MIR: Optimize for-loop on integer ranges

Nugine · November 11, 2022, 1:18pm

https://rust.godbolt.org/z/195ee687T

pub fn test_v1(n: usize) -> usize {
    let mut s = 0;
    for i in 1..n {
        s += i;
    }
    s
}

pub fn test_v2(n: usize) -> usize {
    let mut s = 0;
    let mut i = 1;
    while i < n {
        s += i;
        i += 1;
    }
    s
}

test_v1 and test_v2 are equivalent. But test_v1 generates tons of MIR when fully inlined.

What if rustc can transform test_v1 to test_v2 when optimizing MIR? I believe it will give some perf wins on compiletime and may generate better machine code for more complicated cases.

The unoptimized for-loop has caused an issue for SIMD code. LLVM fails to optimize it.

https://github.com/rust-lang/rust/issues/102220

Neutron3529 · November 11, 2022, 1:58pm

Excellent idea.

But it seems hard for rust to achieve it.

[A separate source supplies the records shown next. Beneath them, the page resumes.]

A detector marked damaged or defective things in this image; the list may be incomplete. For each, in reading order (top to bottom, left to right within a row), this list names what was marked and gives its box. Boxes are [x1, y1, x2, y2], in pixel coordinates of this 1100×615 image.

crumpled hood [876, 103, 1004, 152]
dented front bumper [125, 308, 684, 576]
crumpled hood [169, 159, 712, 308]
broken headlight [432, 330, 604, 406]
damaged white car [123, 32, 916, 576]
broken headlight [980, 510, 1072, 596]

IIRC, for logically call the next function for Iterators, and Rust have less knowledge with iterators.

i.e., if you wrote:

let mut a:i32;
let mut b:i32=0i32;
for i in 0..10 {
    b+=i*i;
    a=b;
}
dbg!(a);

the program won't compile since Rust could not inference whether a is initialized:

4 | for i in 0..10 {
  |          ---- if the `for` loop runs 0 times, `a` is not initialized

It might be hard to do such optimize.

Nugine · November 11, 2022, 2:09pm

I think it would be easier because:

Rust has built-in range syntax.
rustc knows whether the range is Range<{integer}>.
rustc has MIR optimizations which can transform special cases like slice::len.

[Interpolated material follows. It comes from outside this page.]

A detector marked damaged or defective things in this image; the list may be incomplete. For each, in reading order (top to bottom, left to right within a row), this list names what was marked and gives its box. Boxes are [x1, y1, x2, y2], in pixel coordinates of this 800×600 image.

Neutron3529 · November 11, 2022, 2:44pm

maybe we could talking about another Trait, FixedSizeIterator<T,Idx>

where FixedSizeIterator::next(&mut self) returns T, and const fn FixedSizeIterator::next(&self) return Idx, where Idx is either u8,u16,u32,u64 or u128

After that, when we wrote Range::intoIter, we would got a FixedSizeIterator

But actually it is an API-break.

for i in 0u8..{
//triggers a overflow panic! when we try to yield its 256-th element
}
for i in FixedSizeIterator(0u8..){
// should not panic, since we should got element count of u8, thus up to 255.
}

Maybe a discussion thread is needed, since we are changing something.

afetisov · November 11, 2022, 2:56pm

Wow, there is a lot of garbage in the MIR of test_v1! Variables created and instantly moved out of, references created and instantly reborrowed.

_8 = &mut _5;                    // scope 2 at /app/example.rs:3:14: 3:18
// _7 is not used anywhere else
_7 = &mut (*_8);                 // scope 2 at /app/example.rs:3:14: 3:18
StorageLive(_12);                // scope 5 at /rustc/57f097ea25f2c05f424fc9b9dc50dbd6d399845c/library/core/src/iter/range.rs:711:9: 711:25
_12 = &mut (*_7);                // scope 5 at /rustc/57f097ea25f2c05f424fc9b9dc50dbd6d399845c/library/core/src/iter/range.rs:711:9: 711:25

StorageLive(_11);                // scope 3 at /app/example.rs:4:14: 4:15
// _11 is otherwise unused
_11 = _10;                       // scope 3 at /app/example.rs:4:14: 4:15
_0 = Add(_0, move _11);          // scope 3 at /app/example.rs:4:9: 4:15
StorageDead(_11);                // scope 3 at /app/example.rs:4:14: 4:15

I don't know whether the MIR for test_v1 can be made as succinct as for test_v2, but there is a ton of low-hanging fruits here. Simple elimination of redundant variables should decrease MIR size in half if not more. There is no reason to do lots of reborrows, or to store a range as a tuple and keep destructing it. I wonder if there is some extra flag to enable those optimizations on current Rust?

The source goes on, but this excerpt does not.